(Stored data)
*** Block opens ***

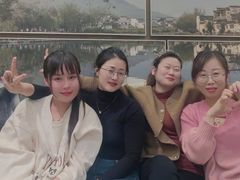 -陈记饭店·源自1993(潜山路店)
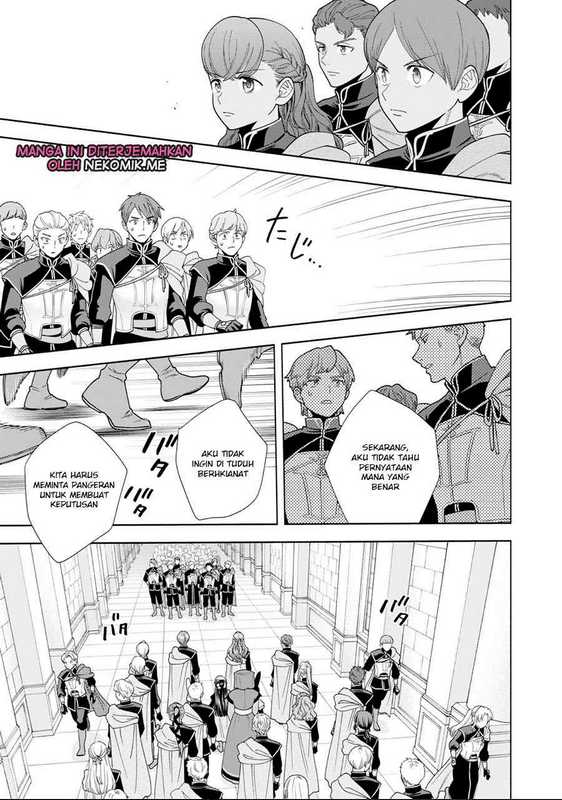 Chapter 26 - halaman 23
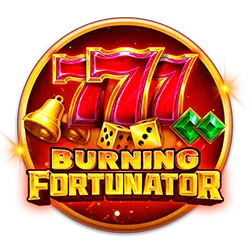 777 tadhana big bet where to watch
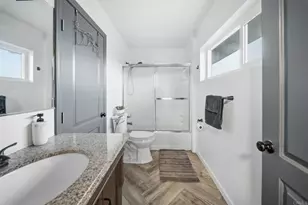 15281 Ranchito Dr, Perris, CA 92570 - Photo 26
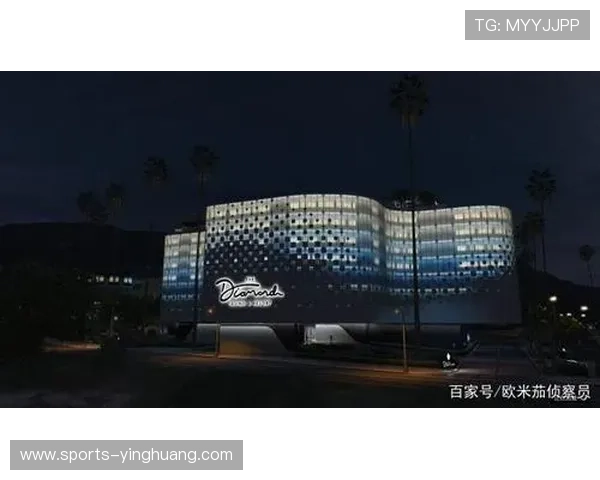 凯撒宫赌场：最新优惠活动详解助你轻松赢取丰富奖励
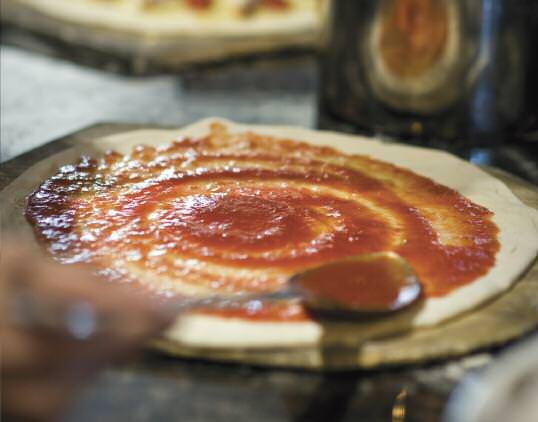 feature sliceheaven5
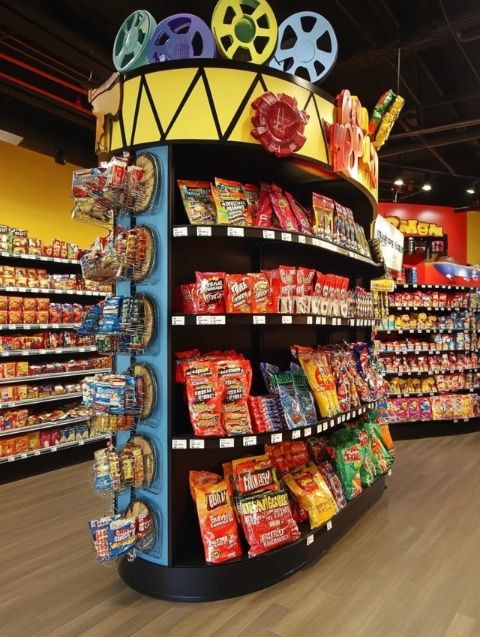 小吃店如何進行品類升級?小吃店進行品類升級,可以從以下幾個方面入手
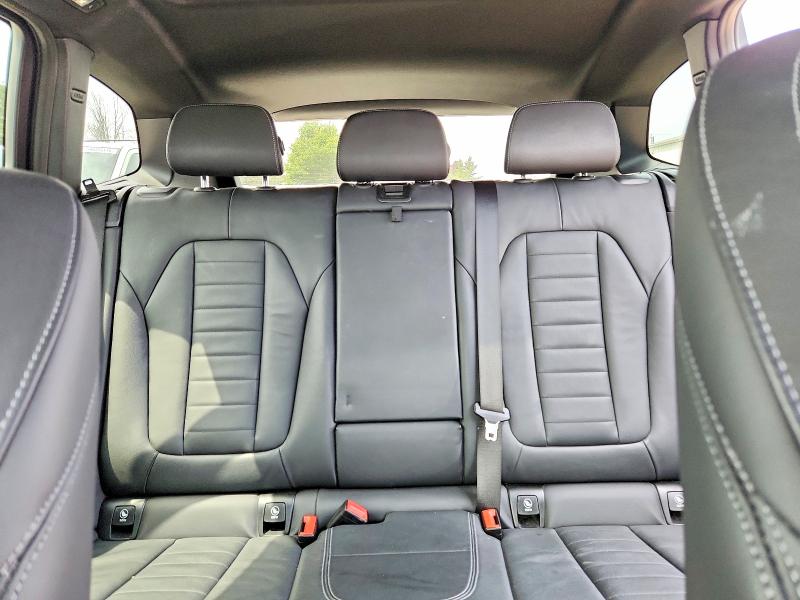 Продажа на аукционе авто 2021 Bmw X3, vin: 5UXTY5C01M9E60561, номер лота: 60108706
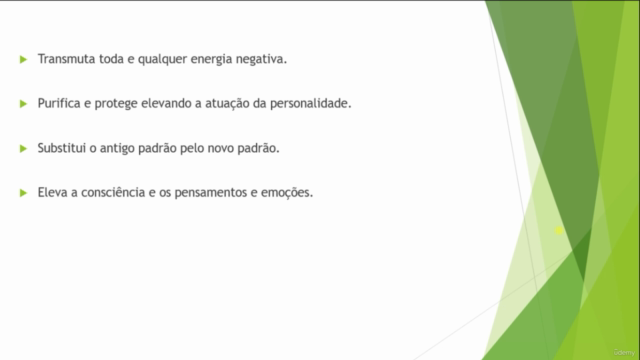 violet flame 2017 + Reiki cuidados com a saúde (bônus) – Screenshot 2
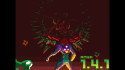 AM2R - Another Metroid II Remake screenshot 1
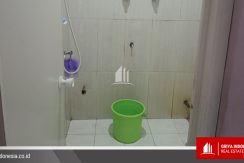 kmandi kelapa2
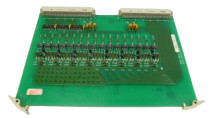 AGIE SIGNAL TERMINAL BLOCK STB-03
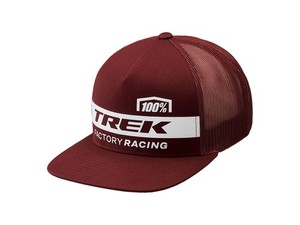 Trek Factory Racing | eBay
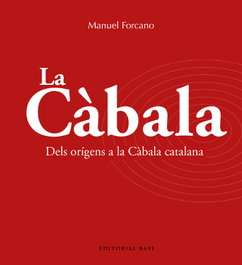 La Càbala, Manuel Forcano i Aparicio - BASE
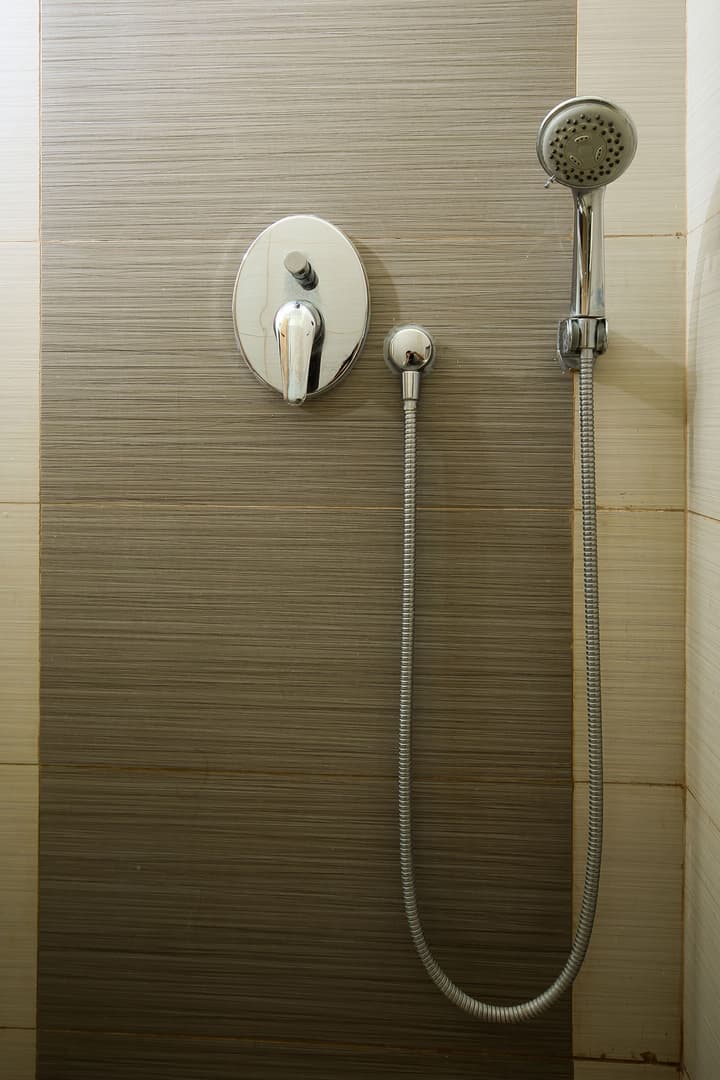 Go Hotels Otis - Manila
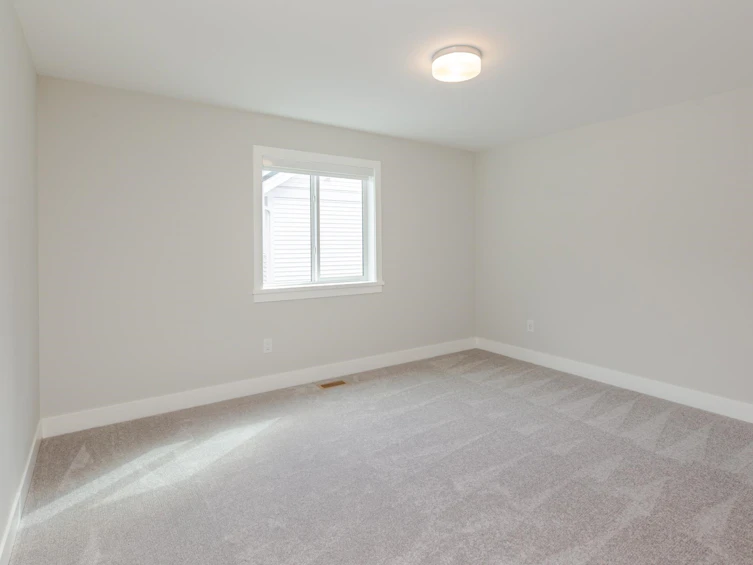 1970 Sparrow Hawk Place, Agassiz, BC, V0M 1A1 - 27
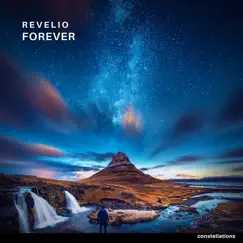 Forever - Single by Revelio album reviews, ratings, credits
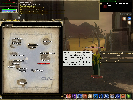 EQ2 Beta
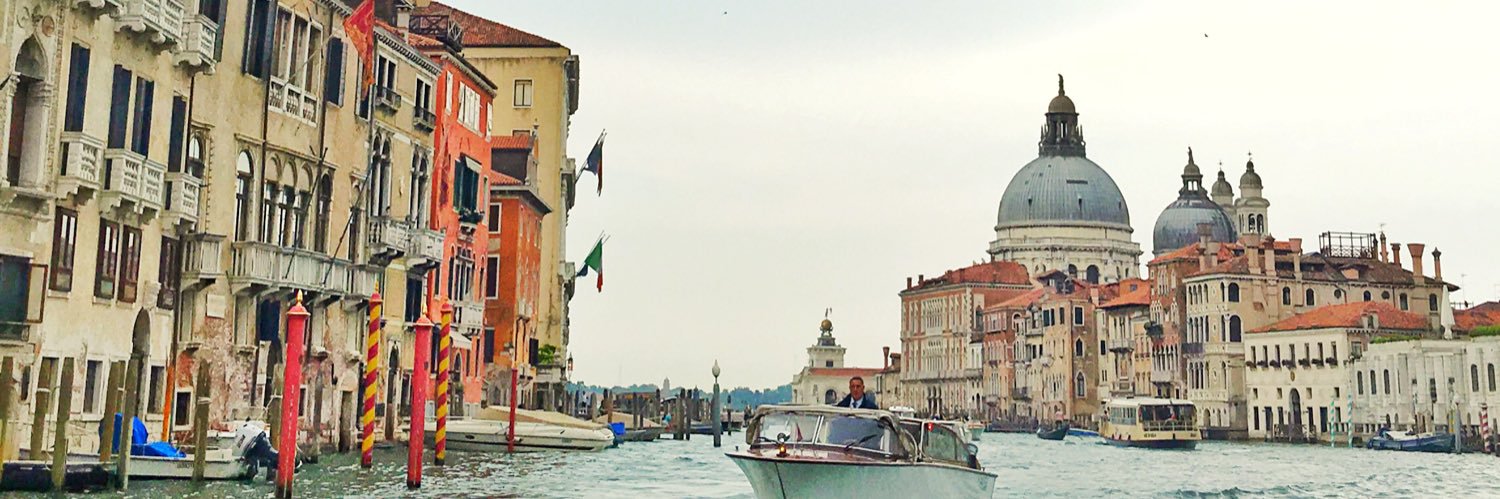 micahdiaries's profile banner image
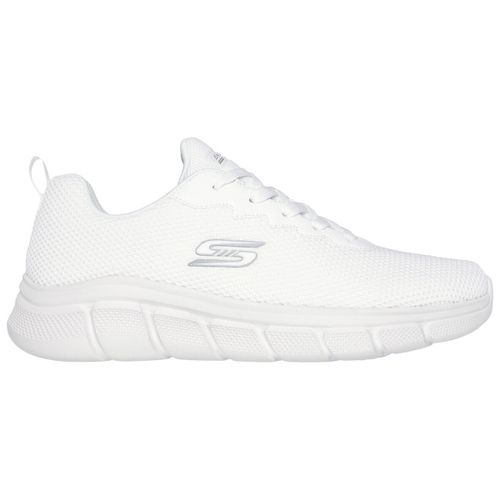 Baskets Skechers - Skechers - Modalova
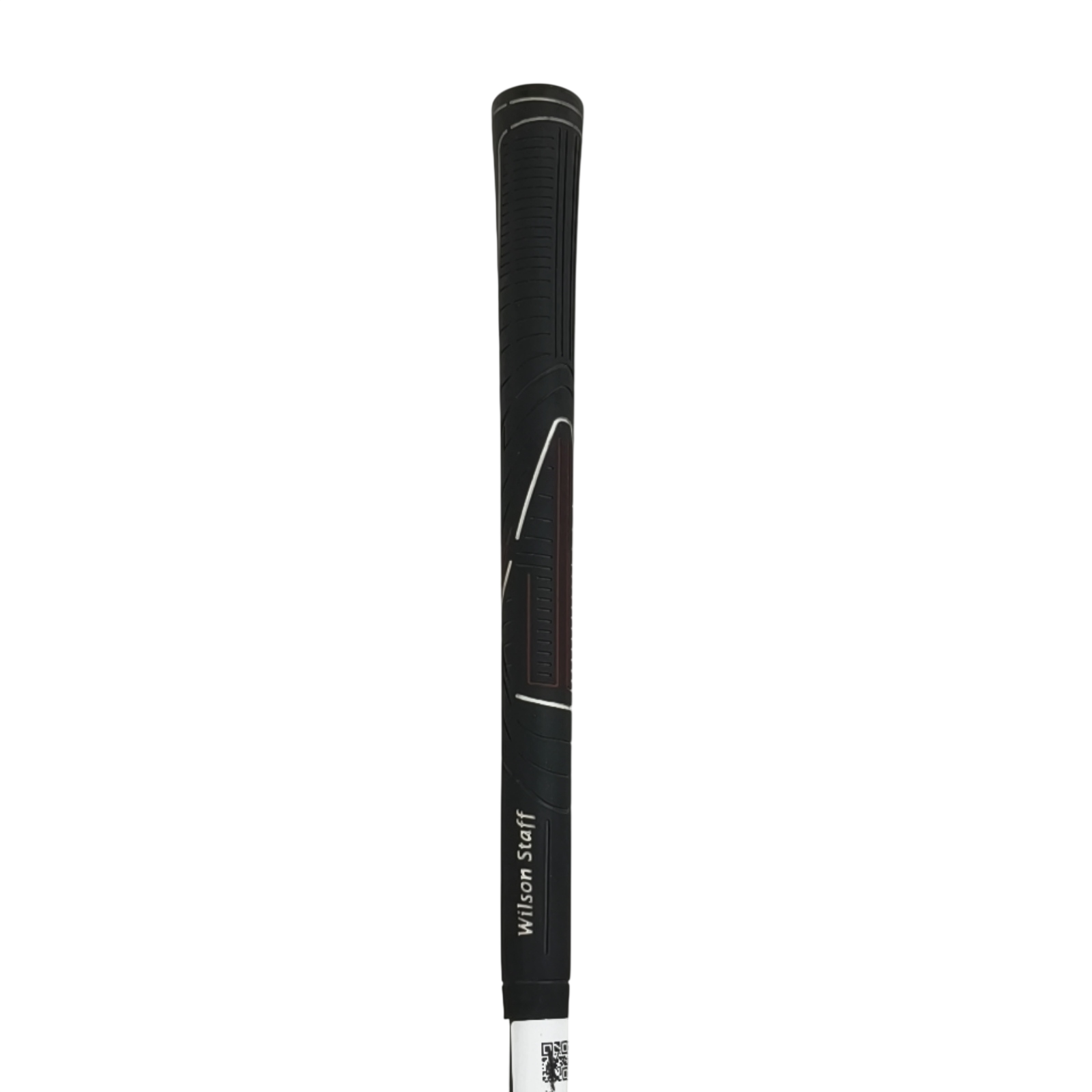 Wilson Staff Fybrid Hybrid / Flex Regular / #5/27
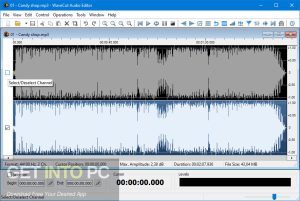 AbyssMedia-WaveCut-Audio-Editor-2024-Offline-Installer-Download-GetintoPC.com_.jpg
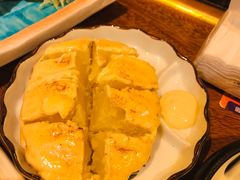 -三禾屋·亚洲融合小馆(未来科技城店)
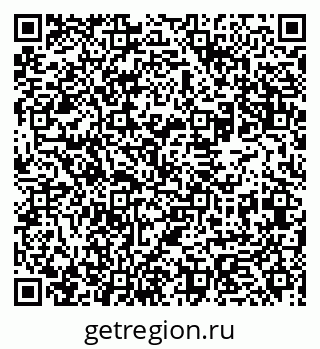 79631965393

*** Block closes ***

- WORK REQUEST
Word for word, restate the lines above from the one with "AM2R - Another" through the one with "Wilson Staff Fybrid", keeping both ends and dropping the pictures.

- THE COMPLETED TASK
 AM2R - Another Metroid II Remake screenshot 1
 kmandi kelapa2
 AGIE SIGNAL TERMINAL BLOCK STB-03
 Trek Factory Racing | eBay
 La Càbala, Manuel Forcano i Aparicio - BASE
 Go Hotels Otis - Manila
 1970 Sparrow Hawk Place, Agassiz, BC, V0M 1A1 - 27
 Forever - Single by Revelio album reviews, ratings, credits
 EQ2 Beta
 micahdiaries's profile banner image
 Baskets Skechers - Skechers - Modalova
 Wilson Staff Fybrid Hybrid / Flex Regular / #5/27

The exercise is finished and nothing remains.